Requirement
Give the data again exactly, without images.

Information shown
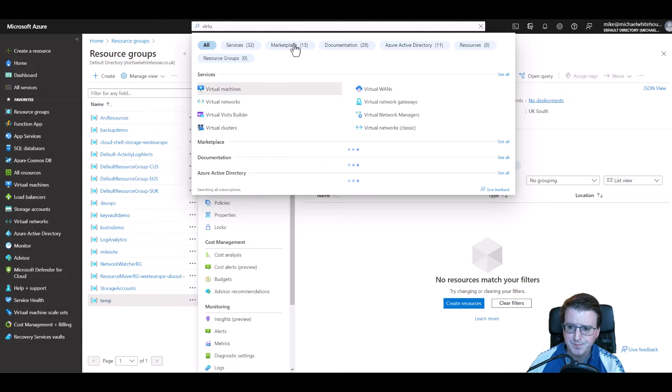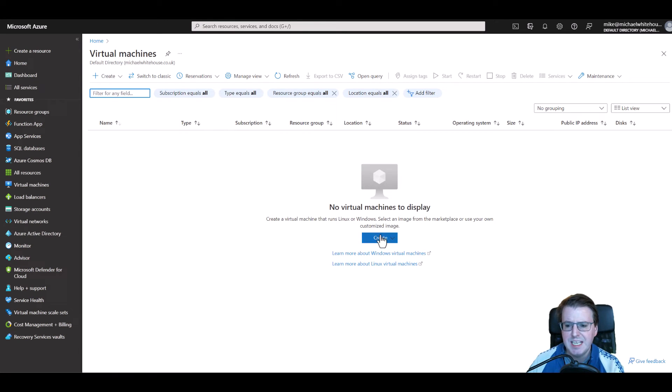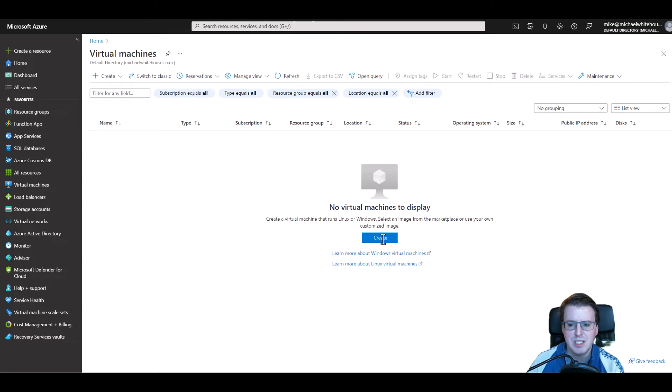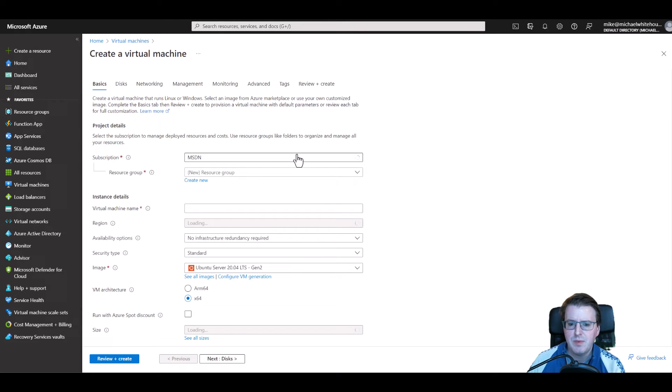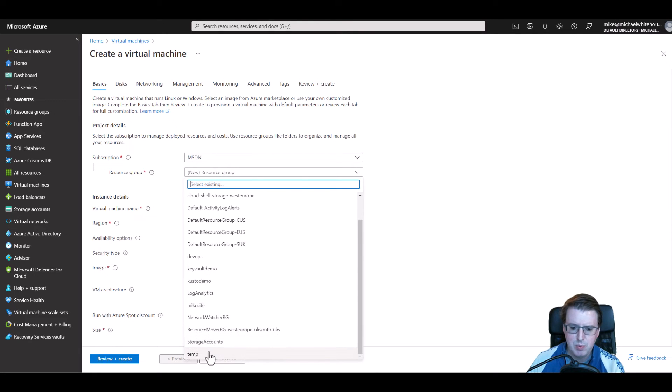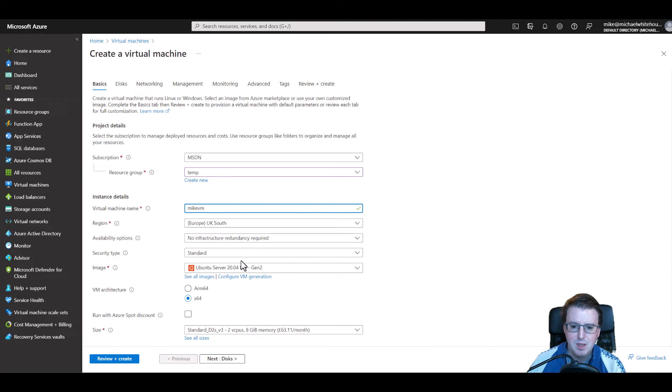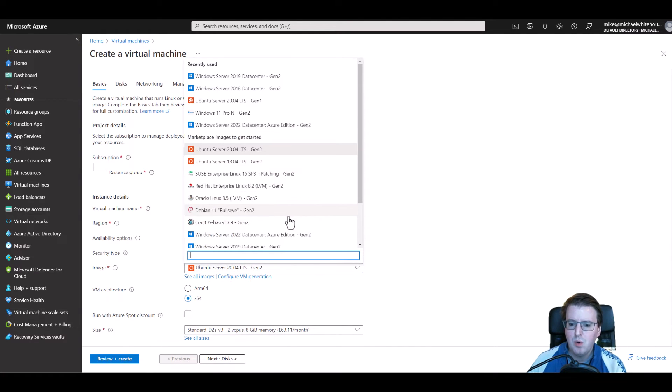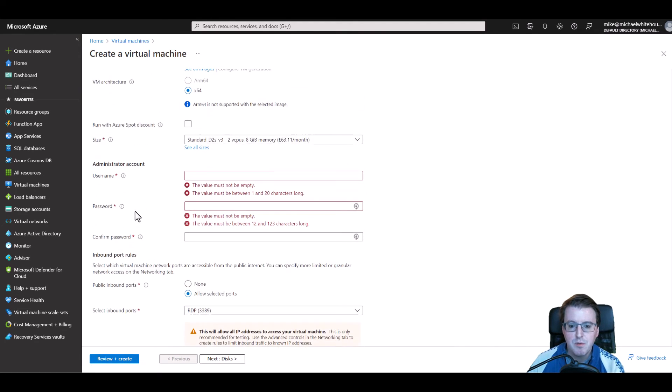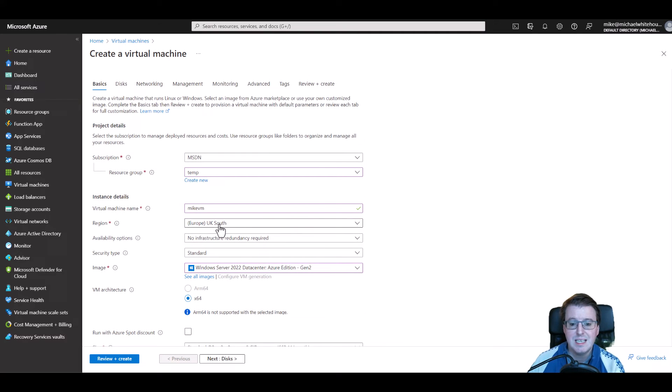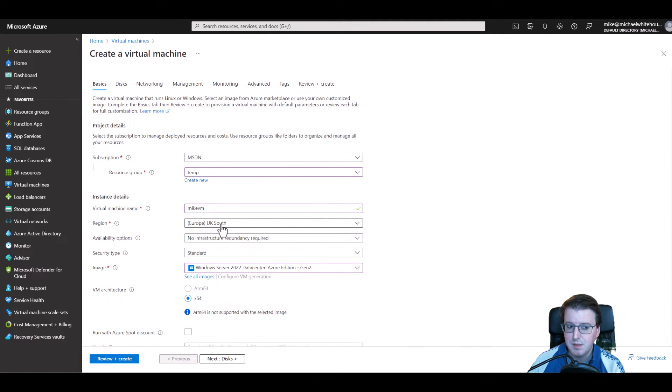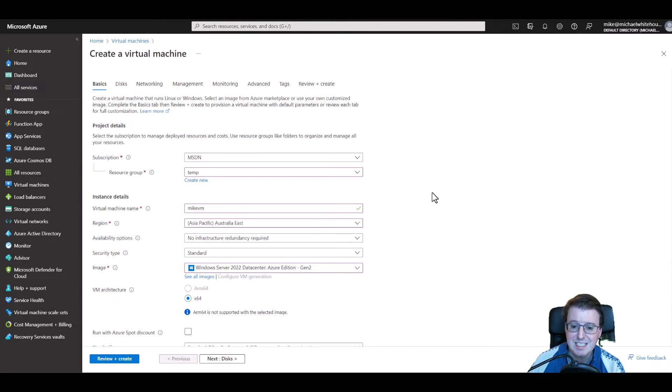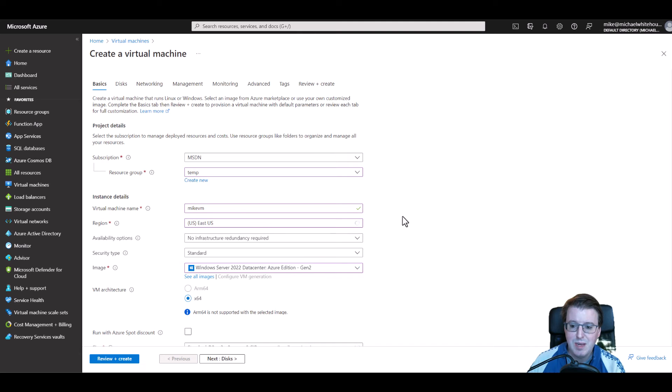So let's go and create a virtual machine. And if we click on a virtual machine here let's create a very basic Azure virtual machine. We will deploy that to the temp resource group location and we'll call this Mike VM. We can deploy this with Ubuntu or maybe we deploy this with something like Windows Server 2022. Everything's fine so far because I am selected on the region of UK South.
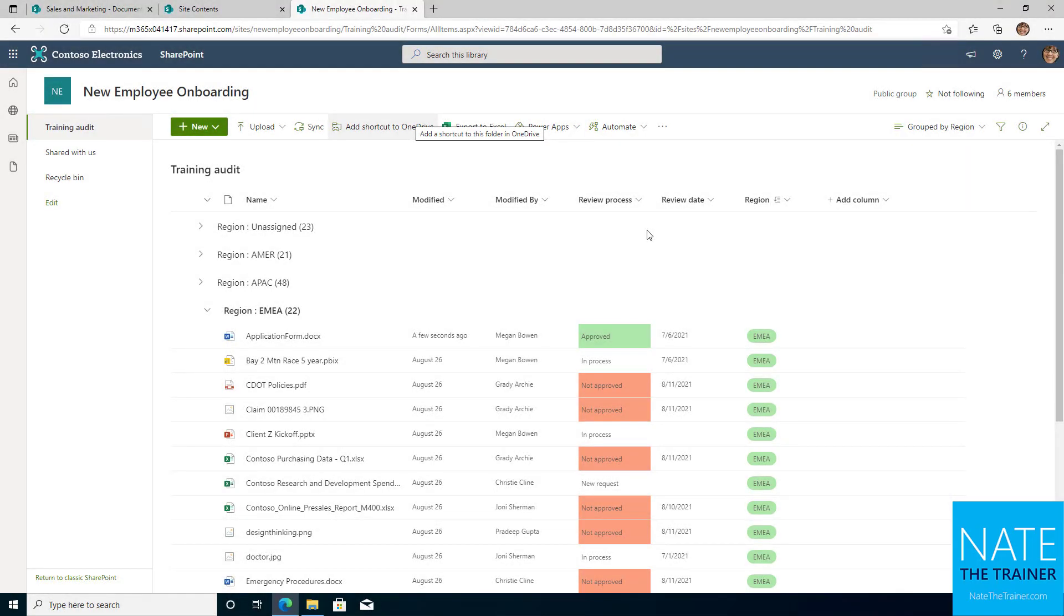One really great thing about SharePoint lists and library views is that we can do conditional formatting based on columns or rows. To make this work, all you need is at least one column that you're going to use to determine whether or not an item meets that conditional criteria.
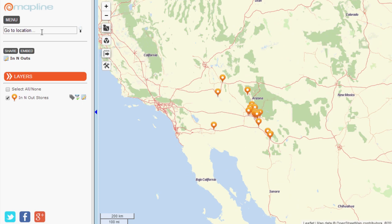In the top left, there's a search box to search your locations on the map or to zoom in to a specific address. You can also easily share your map with others or embed it onto your website. The layers button will allow you to add additional layers to your map, so you can have 2, 3, or 20 different data sets on your map at once.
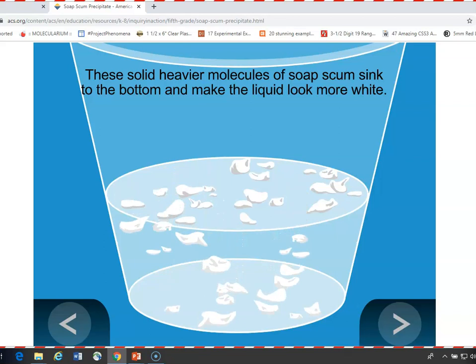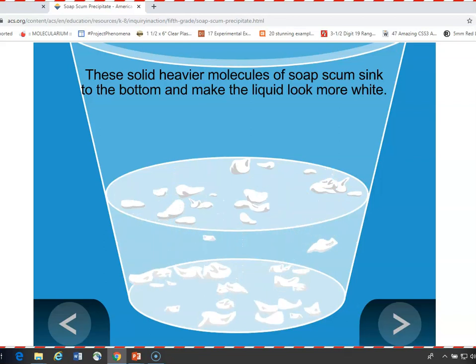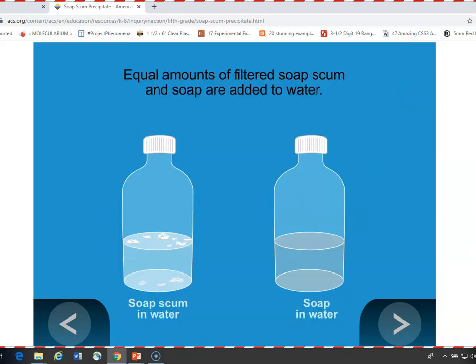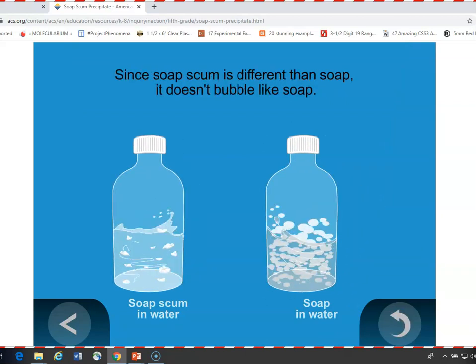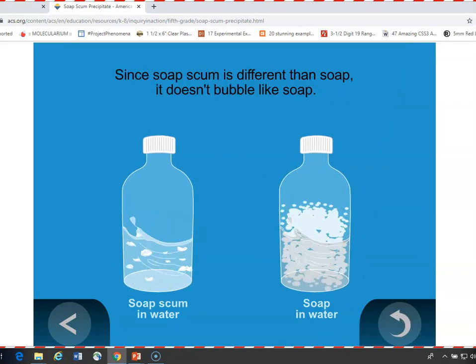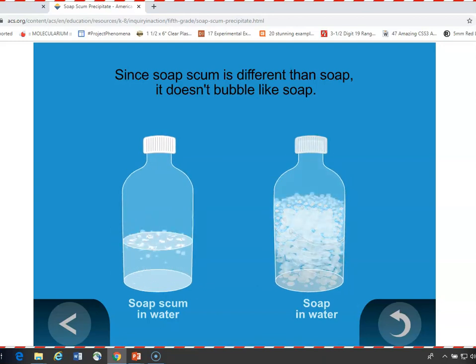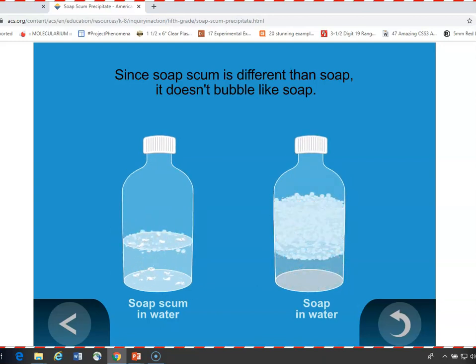Here you can see the particles of the precipitate. The last part of the activity shows what happens when you mix soap scum in water versus soap in water — the soap and water is much, much more sudsy. They're actually different substances at this point.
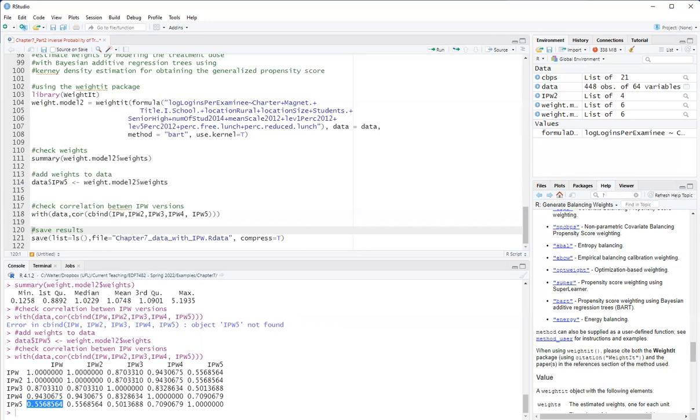So the next step would be to evaluate covariate balance to compare these weights. Then you would pick the one that had the best covariate balance, but I will do that in a separate video.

Response area
So let's go and create a virtual machine. And if we click on a virtual machine here let's create a very basic Azure virtual machine. We will deploy that to the temp resource group location and we'll call this Mike VM. We can deploy this with Ubuntu or maybe we deploy this with something like Windows Server 2022. Everything's fine so far because I am selected on the region of UK South.
One really great thing about SharePoint lists and library views is that we can do conditional formatting based on columns or rows. To make this work, all you need is at least one column that you're going to use to determine whether or not an item meets that conditional criteria.
In the top left, there's a search box to search your locations on the map or to zoom in to a specific address. You can also easily share your map with others or embed it onto your website. The layers button will allow you to add additional layers to your map, so you can have 2, 3, or 20 different data sets on your map at once.
Here you can see the particles of the precipitate. The last part of the activity shows what happens when you mix soap scum in water versus soap in water — the soap and water is much, much more sudsy. They're actually different substances at this point.
So the next step would be to evaluate covariate balance to compare these weights. Then you would pick the one that had the best covariate balance, but I will do that in a separate video.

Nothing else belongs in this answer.